ADAMo

Automatic detection of AI-generated texts from Moldova and Romania

Partners

Project summary

The goal of the ADAMo project is to create a text classifier that can identify texts produced by artificial intelligence (AI). Even though language specific features will be employed, the resulting solution will be a language-independent one. Given the existence of similar resources in other languages, new neural models can be trained to detect AI-generated texts in other languages. We will use the representative corpus of the contemporary Romanian language (CoRoLa), containing more than 1 billion words (in written and spoken texts) as original data for training the classifier. In order to cope with the language varieties in Romania and Moldova, CoRoLa will be enriched with at least 15M tokens of high quality texts, with cleared intellectual property rights, from Moldova, following the design principles of the original data collection, metadata construction, levels of annotation. The whole corpus will also undergo syntactic parser, so as to capture similarities and differences at more linguistic levels and, thus, to be a valuable resource for the study of the two varieties.

Partners

I.C.I.A.

The Research Institute for Artificial Intelligence “Mihai Drăgănescu” ICIA of the Romanian Academy

U.T.M.

Technical University of Moldova

Results

Automatic Detection of AI-Generated Texts from Moldova and Romania (ADAMo), A Project Presentation

in the 20th International Conference on Linguistic Resources and Tools for Natural Language Processing, Bucharest, 8-10 Oct, 2025.

conference presentation: Verginica Barbu Mititelu, Victoria Bobicev, Victoria Alexei, Rodica Braniște, Olesea Caftanatov, Maria Mitrofan, Radu Ion, Elena Irimia, Daniela Istrati, Ludmila Malahov, Sergiu Nisioi and Alexandr Parahonco

in E. Irimia et al. (eds.), Proceedings of the 20th International Conference Linguistic Resources and Tools for Natural Language Processing, Publishing House of the “Alexandru Ioan Cuza” University of Iași, 2025, pp. 249-264.

published in the proceedings of a scientific conference. Verginica Barbu Mititelu, Victoria Bobicev, Victoria Alexei, Rodica Braniște, Olesea Caftanatov, Maria Mitrofan, Radu Ion, Elena Irimia, Daniela Istrati, Ludmila Malahov, Sergiu Nisioi, Alexandr Parahonco, Vasile Păiș

Romance Reflexive Constructions Revisited

at the Universal Dependencies Workshop, 16 May 2026

article in Çağrı Çöltekin and Kaja Dobrovoljc (eds.), Proceedings of the Ninth Workshop on Universal Dependencies (UDW 2026), p. 142–152, May 16, 2026.

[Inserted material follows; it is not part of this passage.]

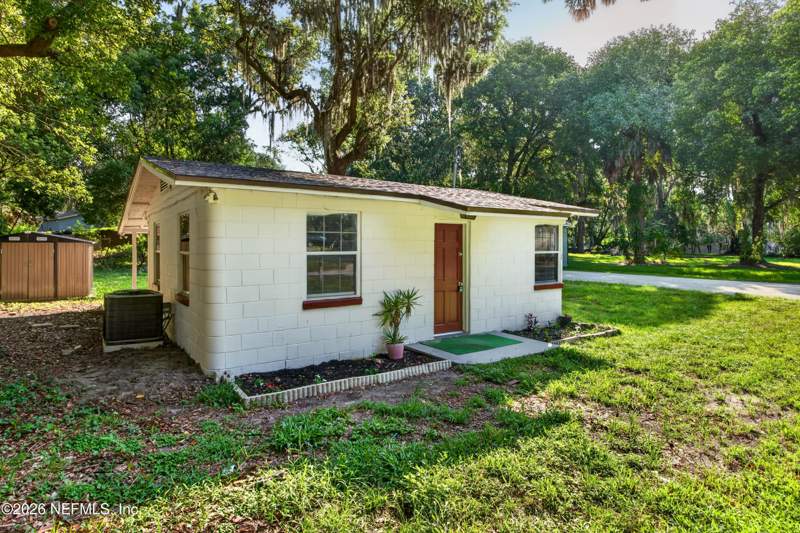 2 bedroom Single Family Residence at 4951 Halls Drive, Divens, Jacksonville — photo 2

authors: Verginica Barbu Mititelu1, Elena Irimia, Adriana Pagano, Ioana Buhnila, Roxana Ciolăneanu

CoRoLa version 2.0: corpus enrichment and a new annotation level

in the 12th Workshop on the Challenges in the Management of Large Corpora, 11 Mai 2026

article in Piotr Bański, Dawn Knight, Marc Kupietz, Andreas Witt, Alina Wróblewska, Proceedings of The 12th Workshop on Challenges in the Management of Large Corpora (CMLC-12), Language Resources Association (ELRA), 2026, p. 91-97. ISBN: 78-2-493814-67-8.

authors: Elena Irimia, Verginica Barbu Mititelu, Radu Ion, Vasile Păiș, Maria Mitrofan, Dan Tufiș

Speech Corpus Transcription Experiments

at the 2nd UniDive training school in Yerevan, 20-24 January 2026

workshop presentation: Victoria Bobicev, Victoria Alexei

The Romanian Corpus Annotated with Multiword Expressions. PARSEME-Ro Version 2.0

at the international conference Language Resources and Evaluation Conference (LREC 2026), 13-15 May 2026

article in Proceedings of the Fifteenth Language Resources and Evaluation Conference (LREC 2026) (pp. 11979–11991). European Language Resources Association (ELRA). https://doi.org/10.63317/3dnsaryv4kdh.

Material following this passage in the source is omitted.